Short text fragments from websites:
[Start of section]

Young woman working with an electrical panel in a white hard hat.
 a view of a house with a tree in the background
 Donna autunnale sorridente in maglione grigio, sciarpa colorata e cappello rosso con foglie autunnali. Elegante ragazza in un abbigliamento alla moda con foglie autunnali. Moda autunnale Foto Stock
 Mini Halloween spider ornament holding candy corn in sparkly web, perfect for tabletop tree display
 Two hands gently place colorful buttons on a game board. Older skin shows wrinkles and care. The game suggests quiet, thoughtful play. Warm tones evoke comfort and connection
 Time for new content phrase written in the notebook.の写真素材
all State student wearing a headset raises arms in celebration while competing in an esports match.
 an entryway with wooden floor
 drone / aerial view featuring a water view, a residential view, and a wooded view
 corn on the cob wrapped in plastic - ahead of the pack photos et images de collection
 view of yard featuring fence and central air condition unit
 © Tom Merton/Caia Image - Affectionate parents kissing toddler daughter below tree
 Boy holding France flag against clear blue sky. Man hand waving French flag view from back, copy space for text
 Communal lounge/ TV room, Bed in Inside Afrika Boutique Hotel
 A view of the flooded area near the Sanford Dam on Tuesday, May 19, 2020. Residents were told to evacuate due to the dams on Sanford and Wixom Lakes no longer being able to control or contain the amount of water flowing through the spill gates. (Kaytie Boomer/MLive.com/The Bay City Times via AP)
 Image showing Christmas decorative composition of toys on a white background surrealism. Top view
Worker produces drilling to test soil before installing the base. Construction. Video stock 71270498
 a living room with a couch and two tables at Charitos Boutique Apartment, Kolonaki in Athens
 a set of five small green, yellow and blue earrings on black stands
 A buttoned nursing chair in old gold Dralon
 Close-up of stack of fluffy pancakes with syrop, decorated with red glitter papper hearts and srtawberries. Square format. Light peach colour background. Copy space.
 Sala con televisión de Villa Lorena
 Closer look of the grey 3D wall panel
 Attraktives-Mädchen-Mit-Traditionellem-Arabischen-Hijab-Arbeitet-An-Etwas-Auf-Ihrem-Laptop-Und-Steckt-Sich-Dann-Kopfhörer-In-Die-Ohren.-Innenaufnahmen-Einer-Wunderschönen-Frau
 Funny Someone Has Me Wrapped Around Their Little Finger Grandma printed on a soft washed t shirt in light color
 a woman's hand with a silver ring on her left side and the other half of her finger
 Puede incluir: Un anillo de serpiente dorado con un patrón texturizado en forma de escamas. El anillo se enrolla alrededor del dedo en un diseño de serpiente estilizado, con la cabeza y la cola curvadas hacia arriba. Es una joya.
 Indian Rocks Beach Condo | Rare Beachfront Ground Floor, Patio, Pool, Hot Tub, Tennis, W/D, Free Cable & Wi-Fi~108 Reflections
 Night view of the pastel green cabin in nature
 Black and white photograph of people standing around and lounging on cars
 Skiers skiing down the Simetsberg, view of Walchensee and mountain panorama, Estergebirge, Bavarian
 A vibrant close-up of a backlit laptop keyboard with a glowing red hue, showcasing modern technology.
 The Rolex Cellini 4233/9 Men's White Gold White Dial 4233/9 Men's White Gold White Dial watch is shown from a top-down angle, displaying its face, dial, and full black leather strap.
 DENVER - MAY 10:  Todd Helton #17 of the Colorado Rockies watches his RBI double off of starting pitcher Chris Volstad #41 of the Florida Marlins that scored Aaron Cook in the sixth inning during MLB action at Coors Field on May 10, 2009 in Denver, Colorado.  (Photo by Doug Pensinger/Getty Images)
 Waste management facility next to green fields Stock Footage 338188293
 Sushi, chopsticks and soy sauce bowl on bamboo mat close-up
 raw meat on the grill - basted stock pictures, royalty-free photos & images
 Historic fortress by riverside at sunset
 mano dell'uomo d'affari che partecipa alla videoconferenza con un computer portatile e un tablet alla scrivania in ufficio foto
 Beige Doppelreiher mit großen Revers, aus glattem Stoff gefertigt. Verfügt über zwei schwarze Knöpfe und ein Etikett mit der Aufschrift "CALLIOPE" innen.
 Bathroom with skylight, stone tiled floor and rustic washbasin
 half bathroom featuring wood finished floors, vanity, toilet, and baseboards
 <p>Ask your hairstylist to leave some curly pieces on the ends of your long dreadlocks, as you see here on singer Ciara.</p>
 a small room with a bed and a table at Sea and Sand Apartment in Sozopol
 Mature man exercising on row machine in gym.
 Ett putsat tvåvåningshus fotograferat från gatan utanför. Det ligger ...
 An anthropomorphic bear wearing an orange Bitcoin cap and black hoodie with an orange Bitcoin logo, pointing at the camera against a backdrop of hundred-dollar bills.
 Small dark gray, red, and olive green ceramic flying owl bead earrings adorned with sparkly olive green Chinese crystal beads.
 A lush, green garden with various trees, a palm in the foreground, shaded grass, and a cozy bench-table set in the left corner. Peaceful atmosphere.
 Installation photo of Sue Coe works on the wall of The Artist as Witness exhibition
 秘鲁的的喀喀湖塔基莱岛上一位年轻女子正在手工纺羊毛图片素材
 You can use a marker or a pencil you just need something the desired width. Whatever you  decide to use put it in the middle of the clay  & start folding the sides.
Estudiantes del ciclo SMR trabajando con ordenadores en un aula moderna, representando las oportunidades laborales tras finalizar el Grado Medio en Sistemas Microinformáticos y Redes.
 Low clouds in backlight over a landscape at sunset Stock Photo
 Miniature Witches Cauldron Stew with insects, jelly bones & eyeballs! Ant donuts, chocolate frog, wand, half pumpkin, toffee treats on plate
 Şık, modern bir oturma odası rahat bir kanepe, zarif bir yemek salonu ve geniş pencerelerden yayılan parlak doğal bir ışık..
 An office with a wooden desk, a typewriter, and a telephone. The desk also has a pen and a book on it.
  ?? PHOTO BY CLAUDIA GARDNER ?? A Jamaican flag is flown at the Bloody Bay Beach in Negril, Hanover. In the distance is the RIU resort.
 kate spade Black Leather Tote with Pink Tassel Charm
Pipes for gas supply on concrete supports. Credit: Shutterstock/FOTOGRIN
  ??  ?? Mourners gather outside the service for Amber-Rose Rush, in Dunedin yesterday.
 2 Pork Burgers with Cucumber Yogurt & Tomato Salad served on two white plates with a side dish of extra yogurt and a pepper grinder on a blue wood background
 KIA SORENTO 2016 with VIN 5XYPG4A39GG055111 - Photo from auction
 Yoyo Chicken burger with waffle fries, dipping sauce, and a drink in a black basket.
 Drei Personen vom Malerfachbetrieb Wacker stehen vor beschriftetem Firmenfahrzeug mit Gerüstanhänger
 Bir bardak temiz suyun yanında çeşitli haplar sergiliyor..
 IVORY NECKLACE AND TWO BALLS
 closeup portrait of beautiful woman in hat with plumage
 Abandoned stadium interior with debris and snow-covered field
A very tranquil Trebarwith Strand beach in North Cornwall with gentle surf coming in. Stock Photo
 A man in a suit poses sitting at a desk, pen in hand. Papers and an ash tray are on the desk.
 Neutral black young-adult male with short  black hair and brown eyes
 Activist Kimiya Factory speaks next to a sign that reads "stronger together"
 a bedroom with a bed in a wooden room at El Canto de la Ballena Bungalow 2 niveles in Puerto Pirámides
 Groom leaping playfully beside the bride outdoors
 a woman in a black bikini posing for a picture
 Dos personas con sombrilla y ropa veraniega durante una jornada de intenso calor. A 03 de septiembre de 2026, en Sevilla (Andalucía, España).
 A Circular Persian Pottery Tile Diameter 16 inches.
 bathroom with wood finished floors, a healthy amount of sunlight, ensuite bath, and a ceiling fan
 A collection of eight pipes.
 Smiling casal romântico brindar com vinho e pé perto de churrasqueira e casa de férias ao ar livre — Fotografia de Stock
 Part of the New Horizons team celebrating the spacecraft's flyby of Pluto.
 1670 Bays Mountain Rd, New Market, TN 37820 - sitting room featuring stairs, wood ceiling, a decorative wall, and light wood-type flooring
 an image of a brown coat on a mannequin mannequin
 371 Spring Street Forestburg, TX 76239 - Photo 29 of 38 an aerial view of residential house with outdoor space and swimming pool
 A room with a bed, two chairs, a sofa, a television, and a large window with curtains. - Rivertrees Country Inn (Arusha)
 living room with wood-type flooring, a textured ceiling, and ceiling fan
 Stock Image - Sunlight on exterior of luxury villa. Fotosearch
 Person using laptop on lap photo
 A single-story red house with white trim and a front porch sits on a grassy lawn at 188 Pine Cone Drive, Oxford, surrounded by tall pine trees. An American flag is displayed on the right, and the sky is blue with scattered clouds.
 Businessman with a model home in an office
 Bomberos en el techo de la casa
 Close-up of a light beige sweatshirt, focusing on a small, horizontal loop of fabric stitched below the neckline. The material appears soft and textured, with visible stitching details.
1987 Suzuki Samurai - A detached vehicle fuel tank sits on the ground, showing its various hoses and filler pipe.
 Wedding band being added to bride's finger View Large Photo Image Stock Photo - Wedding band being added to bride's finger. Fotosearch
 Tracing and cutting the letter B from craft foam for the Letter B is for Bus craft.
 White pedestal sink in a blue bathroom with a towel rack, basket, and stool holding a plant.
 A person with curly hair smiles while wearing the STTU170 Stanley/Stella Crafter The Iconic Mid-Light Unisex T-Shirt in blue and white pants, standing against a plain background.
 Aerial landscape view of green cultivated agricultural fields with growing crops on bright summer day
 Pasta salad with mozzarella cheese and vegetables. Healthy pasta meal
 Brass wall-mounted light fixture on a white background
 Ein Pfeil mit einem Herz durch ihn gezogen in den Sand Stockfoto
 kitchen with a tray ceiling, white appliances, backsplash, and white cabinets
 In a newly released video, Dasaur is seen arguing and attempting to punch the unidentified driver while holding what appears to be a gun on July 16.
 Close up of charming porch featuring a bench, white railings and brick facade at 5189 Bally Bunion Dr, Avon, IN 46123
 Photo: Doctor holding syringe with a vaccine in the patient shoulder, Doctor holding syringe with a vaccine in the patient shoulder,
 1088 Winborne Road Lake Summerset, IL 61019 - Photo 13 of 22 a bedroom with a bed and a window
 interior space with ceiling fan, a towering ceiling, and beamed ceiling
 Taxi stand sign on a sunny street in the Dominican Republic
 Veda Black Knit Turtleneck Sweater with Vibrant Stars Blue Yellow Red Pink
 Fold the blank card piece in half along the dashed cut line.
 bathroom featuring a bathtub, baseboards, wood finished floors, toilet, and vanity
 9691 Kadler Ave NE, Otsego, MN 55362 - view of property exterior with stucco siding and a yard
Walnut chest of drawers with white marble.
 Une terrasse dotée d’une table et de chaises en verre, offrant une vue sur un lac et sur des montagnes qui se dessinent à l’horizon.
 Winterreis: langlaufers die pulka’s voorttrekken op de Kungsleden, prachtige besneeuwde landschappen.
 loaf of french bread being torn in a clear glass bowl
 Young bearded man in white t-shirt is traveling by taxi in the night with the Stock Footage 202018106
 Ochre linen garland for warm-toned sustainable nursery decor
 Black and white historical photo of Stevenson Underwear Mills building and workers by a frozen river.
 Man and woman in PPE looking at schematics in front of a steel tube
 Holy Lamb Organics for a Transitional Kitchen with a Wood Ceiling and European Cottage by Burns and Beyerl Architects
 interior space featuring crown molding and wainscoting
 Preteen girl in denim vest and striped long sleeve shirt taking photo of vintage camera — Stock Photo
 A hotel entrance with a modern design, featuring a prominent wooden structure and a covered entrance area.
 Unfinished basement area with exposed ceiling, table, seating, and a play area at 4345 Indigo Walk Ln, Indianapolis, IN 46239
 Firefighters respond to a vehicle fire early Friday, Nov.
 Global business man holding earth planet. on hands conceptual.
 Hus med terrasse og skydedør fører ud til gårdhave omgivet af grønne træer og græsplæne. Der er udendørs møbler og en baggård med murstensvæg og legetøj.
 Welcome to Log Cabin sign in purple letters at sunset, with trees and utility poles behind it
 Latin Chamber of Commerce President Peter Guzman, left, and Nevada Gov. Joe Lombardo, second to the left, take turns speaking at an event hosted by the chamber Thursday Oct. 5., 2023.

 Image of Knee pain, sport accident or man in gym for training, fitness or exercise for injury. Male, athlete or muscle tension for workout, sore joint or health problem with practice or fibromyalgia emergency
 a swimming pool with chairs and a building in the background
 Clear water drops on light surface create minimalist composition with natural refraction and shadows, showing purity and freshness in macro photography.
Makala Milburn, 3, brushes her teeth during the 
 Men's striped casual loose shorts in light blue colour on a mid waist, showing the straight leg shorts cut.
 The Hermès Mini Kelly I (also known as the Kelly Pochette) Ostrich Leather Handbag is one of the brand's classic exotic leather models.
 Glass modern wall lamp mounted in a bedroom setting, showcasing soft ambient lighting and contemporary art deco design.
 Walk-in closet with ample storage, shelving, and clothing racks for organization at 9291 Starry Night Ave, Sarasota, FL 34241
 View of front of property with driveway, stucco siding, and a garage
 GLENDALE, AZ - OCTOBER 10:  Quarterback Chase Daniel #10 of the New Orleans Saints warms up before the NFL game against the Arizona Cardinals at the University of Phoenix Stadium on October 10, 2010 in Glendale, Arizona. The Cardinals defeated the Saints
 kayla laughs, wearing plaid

[End of section]

*Goal of the exercise*
Every line that contains the string "being" should be returned from the data.

*Exercise result*
 A view of the flooded area near the Sanford Dam on Tuesday, May 19, 2020. Residents were told to evacuate due to the dams on Sanford and Wixom Lakes no longer being able to control or contain the amount of water flowing through the spill gates. (Kaytie Boomer/MLive.com/The Bay City Times via AP)
 Wedding band being added to bride's finger View Large Photo Image Stock Photo - Wedding band being added to bride's finger. Fotosearch
 loaf of french bread being torn in a clear glass bowl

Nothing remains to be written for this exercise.